The foregoing summary is not intended as a model direction but as a guide to the substance of what was required in this case.” (My emphasis.)
Subsequent cases reveal however, that this “guide” (not to be confused with a “direction”, “warning” or “comment”) has assumed the status of a parliamentary enactment.
Nor do the judges definitively spell out the difference between a “direction”, “warning” and a “comment”. These are things that each trial judge has to determine in the light of the circumstances of each particular case, bearing in mind that a lot of these cases will require bits and pieces of each of Longman, Vonarx and Kilby.
And there’s the rub for the new Prez.

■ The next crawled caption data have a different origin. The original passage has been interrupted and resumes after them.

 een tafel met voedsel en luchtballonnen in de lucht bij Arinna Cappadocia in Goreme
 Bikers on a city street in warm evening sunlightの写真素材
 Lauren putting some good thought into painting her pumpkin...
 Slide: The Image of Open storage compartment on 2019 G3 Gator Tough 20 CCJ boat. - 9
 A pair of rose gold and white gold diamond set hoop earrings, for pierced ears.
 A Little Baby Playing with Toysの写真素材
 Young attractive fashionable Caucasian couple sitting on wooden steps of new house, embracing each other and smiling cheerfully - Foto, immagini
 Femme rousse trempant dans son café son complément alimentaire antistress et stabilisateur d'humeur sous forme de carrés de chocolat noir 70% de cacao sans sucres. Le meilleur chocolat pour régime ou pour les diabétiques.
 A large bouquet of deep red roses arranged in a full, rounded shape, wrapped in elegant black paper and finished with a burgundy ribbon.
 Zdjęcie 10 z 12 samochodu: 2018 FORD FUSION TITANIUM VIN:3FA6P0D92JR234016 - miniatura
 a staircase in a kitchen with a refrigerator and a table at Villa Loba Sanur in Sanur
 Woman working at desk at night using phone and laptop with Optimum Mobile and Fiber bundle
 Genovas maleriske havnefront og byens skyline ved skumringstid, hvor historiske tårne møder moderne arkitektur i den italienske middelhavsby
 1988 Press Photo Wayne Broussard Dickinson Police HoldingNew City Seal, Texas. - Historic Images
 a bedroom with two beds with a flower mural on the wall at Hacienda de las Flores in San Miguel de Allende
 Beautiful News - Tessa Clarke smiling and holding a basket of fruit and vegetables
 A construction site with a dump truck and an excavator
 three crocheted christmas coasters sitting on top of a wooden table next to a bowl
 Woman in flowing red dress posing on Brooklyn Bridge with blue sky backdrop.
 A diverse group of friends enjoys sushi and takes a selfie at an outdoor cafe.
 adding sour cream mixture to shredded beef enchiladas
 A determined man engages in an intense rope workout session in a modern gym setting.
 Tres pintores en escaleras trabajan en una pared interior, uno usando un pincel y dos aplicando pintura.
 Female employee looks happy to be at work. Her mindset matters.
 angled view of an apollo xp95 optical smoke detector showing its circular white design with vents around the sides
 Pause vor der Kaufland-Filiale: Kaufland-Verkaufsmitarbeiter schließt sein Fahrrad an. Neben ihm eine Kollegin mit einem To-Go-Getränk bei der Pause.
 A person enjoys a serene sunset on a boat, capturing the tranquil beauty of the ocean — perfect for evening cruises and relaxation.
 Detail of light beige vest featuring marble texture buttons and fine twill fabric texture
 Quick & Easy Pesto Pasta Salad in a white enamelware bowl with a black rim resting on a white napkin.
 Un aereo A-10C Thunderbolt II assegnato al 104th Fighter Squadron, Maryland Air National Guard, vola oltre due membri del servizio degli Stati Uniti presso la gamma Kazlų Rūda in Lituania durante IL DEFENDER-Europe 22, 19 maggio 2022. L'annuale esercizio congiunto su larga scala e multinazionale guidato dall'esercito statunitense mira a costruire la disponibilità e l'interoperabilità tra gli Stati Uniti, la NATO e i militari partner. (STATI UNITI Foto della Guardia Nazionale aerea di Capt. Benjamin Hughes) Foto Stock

As long as the superior courts conduct these ex-post facto assessments examining what a trial judge has or hasn’t said in excruciating detail, the court of appeal can look forward to heaps more work in sex cases speculating about what juries might or might not have understood by trial judges’ “directions”, “warnings” or “comments”.
Perhaps the real cause of the problem might be the judicial system’s (mostly blokes) rearguard efforts to undermine a modest statutory rebalancing of the forensic tension between complainants (mostly women and kids) and accused persons (mostly blokes). But that is purely my conjecture.
The Prez is reported as saying that although “he has never looked a jury in the eye”, he is a fast learner. If things don’t change in the near future the only certain thing in this area of the law is that President Maxwell will have plenty of cases upon which to base his learning.